As she lay waiting for the day when she must go from the garish scene, she unconsciously took stock of life in her own way. There intruded on her sight the stages of the theatres where she had played and danced, and she heard again the music of the paloma and those other Spanish airs which had made the world dance under her girl's feet long ago. At first she kept seeing the faces of thousands looking up at her from the stalls, down at her from the gallery, over at her from the boxes; and the hot breath of that excitement smote her face with a drunken odour that sent her mad. Then, alas! somehow, as disease took hold of her, there were the colder lights, the colder breath from the few who applauded so little. And always the man who had left her in her day of direst need; who had had the last warm fires of her life, the last brief outrush of her soul, eager as it was for a joy which would prove she had not lost all when she fled from the Manor Cartier—a joy which would make her forget!

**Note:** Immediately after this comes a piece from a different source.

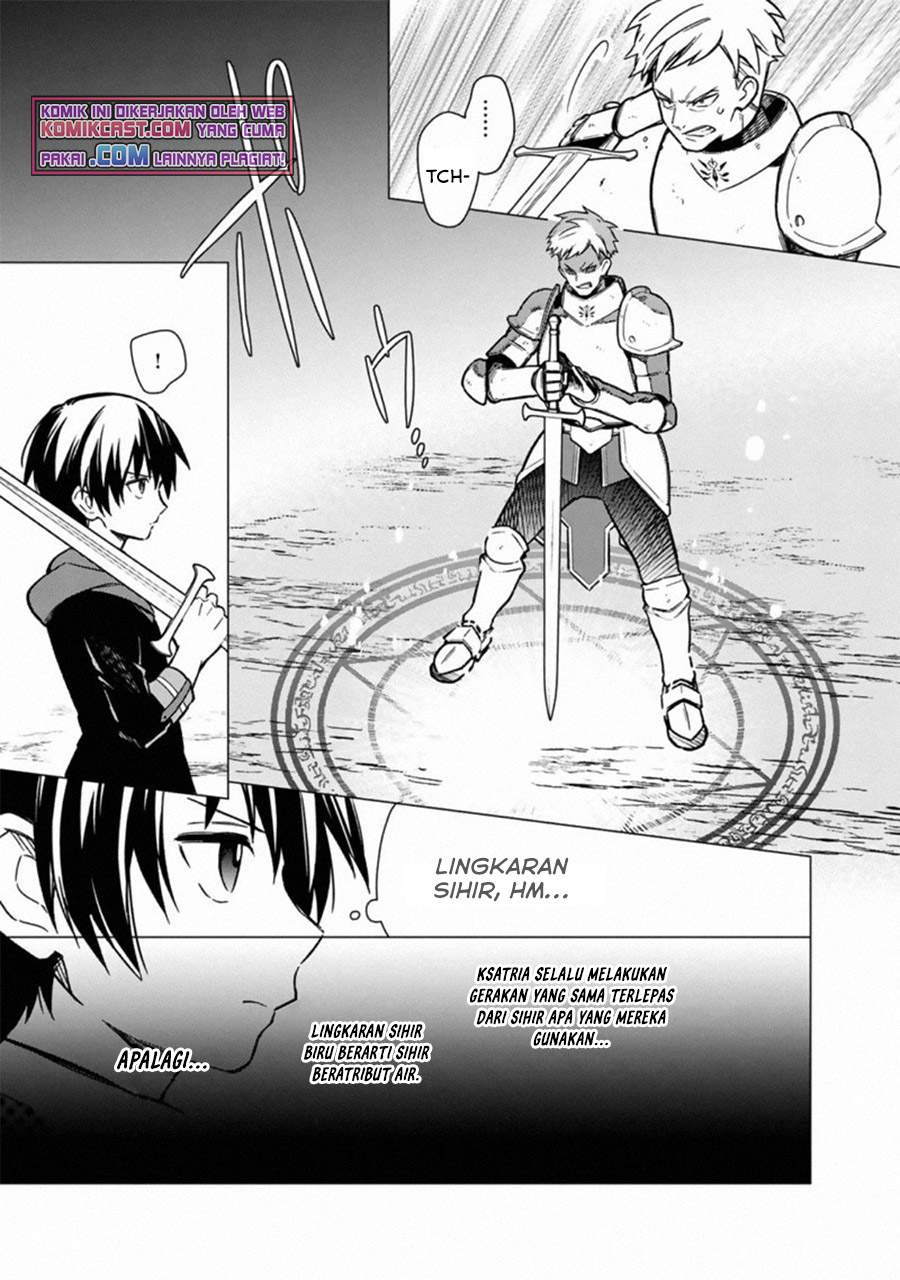My Death Flags Show No Sign of Ending Chap 33 - Next Chap 34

What she really did feel in this last adventure of passion only made her remember the more when she was alone now, her life at the Manor Cartier. She was wont to wake up suddenly in the morning—the very early morning —with the imagined sound of the gold Cock of Beaugard crowing in her ears. Memory, memory, memory—yet never a word, and never a hearsay of what had happened at the Manor Cartier since she had left it! Then there came a time when she longed intensely to see Jean Jacques before she died, though she could not bring herself to send word to him. She dreaded what the answer might be-not Jean Jacques' answer, but the answer of Life. Jean Jacques and her child, her Zoe—more his than hers in years gone by—one or both might be dead! She dared not write, but she cherished a desire long denied. Then one day she saw everything in her life more clearly than she had ever done. She found an old book of French verse, once belonging to Mme. Popincourt's husband, who had been a professor. Some lines therein opened up a chamber of her being never before unlocked. At first only the feeling of the thing came, then slowly the spiritual meaning possessed her. She learnt it by heart and let it sing to her as she lay half-sleeping and half-waking, half-living and half-dying:
"There is a World; men compass it through tears,
Dare doom for joy of it; it called me o'er the foam;
I found it down the track of sundering years,
Beyond the long island where the sea steals home.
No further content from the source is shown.